-------- Records provided --------
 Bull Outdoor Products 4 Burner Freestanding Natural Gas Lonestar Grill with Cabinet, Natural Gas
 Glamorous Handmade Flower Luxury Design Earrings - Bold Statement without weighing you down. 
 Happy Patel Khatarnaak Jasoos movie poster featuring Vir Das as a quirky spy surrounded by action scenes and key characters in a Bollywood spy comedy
--------
-------- Records provided --------
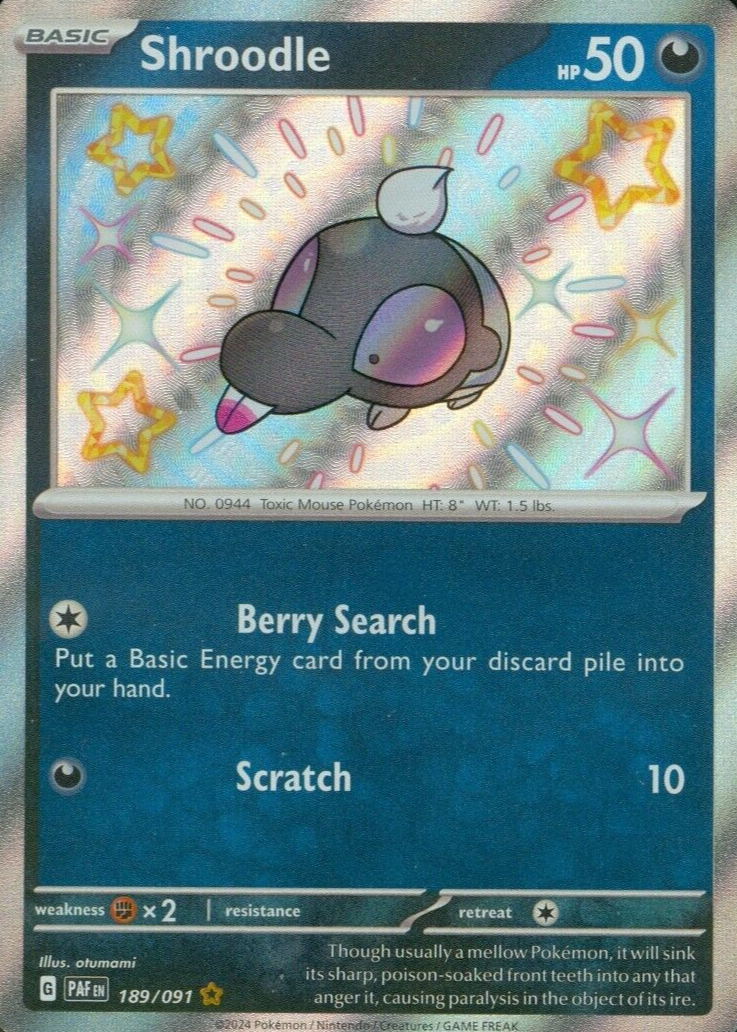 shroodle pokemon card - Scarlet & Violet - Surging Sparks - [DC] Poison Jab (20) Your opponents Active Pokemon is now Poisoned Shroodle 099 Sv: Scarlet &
--------
→ **Exercise**
Beginning at the line with "Glamorous Handmade Flower" and stopping after the line with "Happy Patel Khatarnaak", please write out every line of the data above exactly and nothing else.

→ **Task output**
 Glamorous Handmade Flower Luxury Design Earrings - Bold Statement without weighing you down. 
 Happy Patel Khatarnaak Jasoos movie poster featuring Vir Das as a quirky spy surrounded by action scenes and key characters in a Bollywood spy comedy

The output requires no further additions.